そして私たちはハワイでビールを造っていることに誇りを持ち、いつも明るい気持ちでビール造りに臨むことを忘れないようにしています。何をやっているのかということを意識するだけでなく、なぜそれをやっているのかということを常に意識することが大切だと思います。
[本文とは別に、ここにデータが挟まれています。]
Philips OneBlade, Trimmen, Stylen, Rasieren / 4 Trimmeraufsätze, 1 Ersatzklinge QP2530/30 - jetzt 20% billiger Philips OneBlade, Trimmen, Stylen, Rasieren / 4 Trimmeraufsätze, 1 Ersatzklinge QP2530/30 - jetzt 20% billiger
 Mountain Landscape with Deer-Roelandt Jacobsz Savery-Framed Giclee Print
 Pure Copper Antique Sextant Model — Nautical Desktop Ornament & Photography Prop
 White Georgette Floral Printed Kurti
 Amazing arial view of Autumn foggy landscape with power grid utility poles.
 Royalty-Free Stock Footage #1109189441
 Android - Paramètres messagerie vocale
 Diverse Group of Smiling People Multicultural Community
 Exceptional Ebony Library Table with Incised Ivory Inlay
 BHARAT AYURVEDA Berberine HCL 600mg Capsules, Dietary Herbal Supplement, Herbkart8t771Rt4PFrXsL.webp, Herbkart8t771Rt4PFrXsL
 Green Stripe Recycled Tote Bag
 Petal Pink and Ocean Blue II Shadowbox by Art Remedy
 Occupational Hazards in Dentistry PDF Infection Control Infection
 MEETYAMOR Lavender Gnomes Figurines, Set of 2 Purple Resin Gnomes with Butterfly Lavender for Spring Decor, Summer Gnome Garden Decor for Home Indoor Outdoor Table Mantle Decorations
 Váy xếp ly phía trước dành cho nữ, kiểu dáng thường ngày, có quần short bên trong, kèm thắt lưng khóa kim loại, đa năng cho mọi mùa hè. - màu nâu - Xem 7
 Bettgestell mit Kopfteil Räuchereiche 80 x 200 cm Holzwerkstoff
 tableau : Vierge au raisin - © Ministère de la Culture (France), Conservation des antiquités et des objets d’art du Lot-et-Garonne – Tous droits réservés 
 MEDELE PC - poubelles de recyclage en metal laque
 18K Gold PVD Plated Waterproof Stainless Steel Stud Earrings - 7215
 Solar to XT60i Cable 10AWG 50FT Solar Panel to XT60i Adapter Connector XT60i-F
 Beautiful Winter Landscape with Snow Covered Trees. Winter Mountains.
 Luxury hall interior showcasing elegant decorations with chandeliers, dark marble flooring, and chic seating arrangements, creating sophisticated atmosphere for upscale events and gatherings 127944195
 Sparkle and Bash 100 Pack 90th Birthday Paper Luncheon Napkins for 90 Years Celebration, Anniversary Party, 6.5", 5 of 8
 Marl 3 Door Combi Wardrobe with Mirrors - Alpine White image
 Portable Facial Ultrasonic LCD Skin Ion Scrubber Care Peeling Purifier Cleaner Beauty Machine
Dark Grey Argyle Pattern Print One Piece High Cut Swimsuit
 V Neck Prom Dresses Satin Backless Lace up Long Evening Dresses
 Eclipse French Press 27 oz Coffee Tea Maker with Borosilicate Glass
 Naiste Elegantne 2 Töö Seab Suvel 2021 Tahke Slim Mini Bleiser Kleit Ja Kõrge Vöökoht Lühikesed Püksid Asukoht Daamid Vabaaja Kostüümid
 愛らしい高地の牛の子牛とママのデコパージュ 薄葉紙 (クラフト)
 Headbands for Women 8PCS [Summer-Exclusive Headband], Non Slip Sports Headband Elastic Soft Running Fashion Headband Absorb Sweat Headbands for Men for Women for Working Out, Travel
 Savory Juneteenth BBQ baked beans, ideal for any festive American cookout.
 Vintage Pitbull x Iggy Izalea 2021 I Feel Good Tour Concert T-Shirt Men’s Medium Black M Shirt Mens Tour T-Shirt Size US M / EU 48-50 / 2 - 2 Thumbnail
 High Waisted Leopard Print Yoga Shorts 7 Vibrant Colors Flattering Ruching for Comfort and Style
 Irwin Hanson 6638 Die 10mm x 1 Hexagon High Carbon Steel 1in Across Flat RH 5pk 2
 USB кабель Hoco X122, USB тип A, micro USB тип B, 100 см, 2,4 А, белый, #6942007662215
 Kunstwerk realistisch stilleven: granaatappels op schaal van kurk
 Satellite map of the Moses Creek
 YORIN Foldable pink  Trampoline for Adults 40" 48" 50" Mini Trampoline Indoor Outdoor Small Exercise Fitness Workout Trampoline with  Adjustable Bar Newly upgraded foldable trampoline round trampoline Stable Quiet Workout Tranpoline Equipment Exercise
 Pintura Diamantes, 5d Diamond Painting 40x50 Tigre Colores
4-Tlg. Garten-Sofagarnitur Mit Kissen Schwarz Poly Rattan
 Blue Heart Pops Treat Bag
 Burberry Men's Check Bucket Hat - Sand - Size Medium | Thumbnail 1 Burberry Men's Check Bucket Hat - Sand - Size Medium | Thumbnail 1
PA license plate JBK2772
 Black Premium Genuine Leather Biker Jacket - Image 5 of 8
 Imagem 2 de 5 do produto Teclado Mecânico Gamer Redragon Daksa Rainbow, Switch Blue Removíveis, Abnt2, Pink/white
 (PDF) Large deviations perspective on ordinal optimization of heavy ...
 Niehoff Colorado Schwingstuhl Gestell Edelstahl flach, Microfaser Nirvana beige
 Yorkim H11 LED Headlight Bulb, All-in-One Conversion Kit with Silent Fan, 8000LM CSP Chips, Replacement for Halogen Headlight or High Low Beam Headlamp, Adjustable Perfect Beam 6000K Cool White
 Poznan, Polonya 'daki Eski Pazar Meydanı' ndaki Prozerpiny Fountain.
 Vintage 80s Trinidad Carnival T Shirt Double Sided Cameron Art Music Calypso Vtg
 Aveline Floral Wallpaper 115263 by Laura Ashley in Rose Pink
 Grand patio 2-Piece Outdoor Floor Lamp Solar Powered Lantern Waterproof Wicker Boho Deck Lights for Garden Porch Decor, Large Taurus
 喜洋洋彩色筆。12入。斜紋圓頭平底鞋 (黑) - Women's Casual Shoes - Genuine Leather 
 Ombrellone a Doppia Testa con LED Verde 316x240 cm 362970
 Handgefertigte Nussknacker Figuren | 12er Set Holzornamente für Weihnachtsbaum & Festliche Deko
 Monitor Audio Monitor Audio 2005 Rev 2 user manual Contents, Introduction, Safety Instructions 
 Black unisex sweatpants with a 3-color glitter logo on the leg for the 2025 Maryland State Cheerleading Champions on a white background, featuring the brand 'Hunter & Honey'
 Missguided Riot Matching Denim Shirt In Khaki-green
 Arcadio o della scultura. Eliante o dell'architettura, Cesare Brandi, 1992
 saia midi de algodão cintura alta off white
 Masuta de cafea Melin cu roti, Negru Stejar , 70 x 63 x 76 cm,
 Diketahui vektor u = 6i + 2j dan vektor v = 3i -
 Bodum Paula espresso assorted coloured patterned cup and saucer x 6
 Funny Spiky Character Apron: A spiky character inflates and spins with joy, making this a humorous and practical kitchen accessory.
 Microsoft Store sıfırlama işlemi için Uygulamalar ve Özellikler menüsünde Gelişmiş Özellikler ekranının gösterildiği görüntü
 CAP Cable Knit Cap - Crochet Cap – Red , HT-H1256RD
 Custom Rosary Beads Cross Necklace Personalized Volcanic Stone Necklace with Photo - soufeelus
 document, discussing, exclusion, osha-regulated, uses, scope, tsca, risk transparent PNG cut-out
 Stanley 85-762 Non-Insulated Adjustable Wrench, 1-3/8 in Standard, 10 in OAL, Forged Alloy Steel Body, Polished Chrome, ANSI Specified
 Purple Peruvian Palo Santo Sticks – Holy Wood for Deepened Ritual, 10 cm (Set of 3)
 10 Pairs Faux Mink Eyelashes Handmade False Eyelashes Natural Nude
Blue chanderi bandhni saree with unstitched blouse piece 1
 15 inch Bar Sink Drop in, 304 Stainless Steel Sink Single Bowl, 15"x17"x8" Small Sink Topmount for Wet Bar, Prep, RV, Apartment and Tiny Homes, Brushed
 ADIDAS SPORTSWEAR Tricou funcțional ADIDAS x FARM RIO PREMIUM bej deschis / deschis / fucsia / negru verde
アロハの精神を注ぎながら手造りするビールが私たちの持ち味です。ドッグフィッシュヘッド・ブルワリーのSam Calagione氏が言う「風変わりな人たちのための風変わりなエール」や、ストーン・ブリューイング社のビールのラベルに書いてあるyou’re not worthy(あなたはこのビールを飲むに値しない)などといった強烈なキャッチコピーも大変魅力的ですが、アロハの精神に基づいて造られた当社のビールにはyou’re not worthyという過激なセリフは似合いませんし、彼らよりも中間市場をターゲットにしている我々のビールには風変わりなエールというセリフも似合いません。ハワイには世界中からたくさんの人たちがやってきます。そして彼らが当社のビールの缶を開ける時、そのラベルにまず注目するでしょう。当社のラベルの完成度も本物の証。見た目にもセクシーなデザインですが、味もセクシーです。ビキニ姿のハワイアンガールのイラストが印象的なビキニ・ブロンド・ラガーを飲みながらハワイならではのバケーション気分に浸ってください。
原料の調達に苦労はありませんか?
マウイ島では穀物の栽培は行われていないので麦芽は島外から仕入れてくる以外ありません。大麦が栽培されていませんし、大麦の加工場も島内にはありません。ホップの加工場もありません。以前ホップの栽培を試みたことがありましたが気候が合わず育ちませんでした。当社では年間約24000ポンドのホップを使いますが、それだけのホップを栽培するには広大な畑が必要になりますし、肥料代も膨大です。原材料のコンテナの到着スケジュールには特に気を使います。海が荒れて船が遅れることもありますし、荷崩れなど起こしたら大変です。ビキニ・ブロンド・ラガーを造る予定を立ててもピルスナーモルトが入ってこなければ造れませんから状況によって他のビールに予定変更しなければならない場合もあります。近年は自然災害も多くなっています。水が手に入らなかったり停電になったり、従業員が出社できなかったりして仕事にならない事態も考えられるのです。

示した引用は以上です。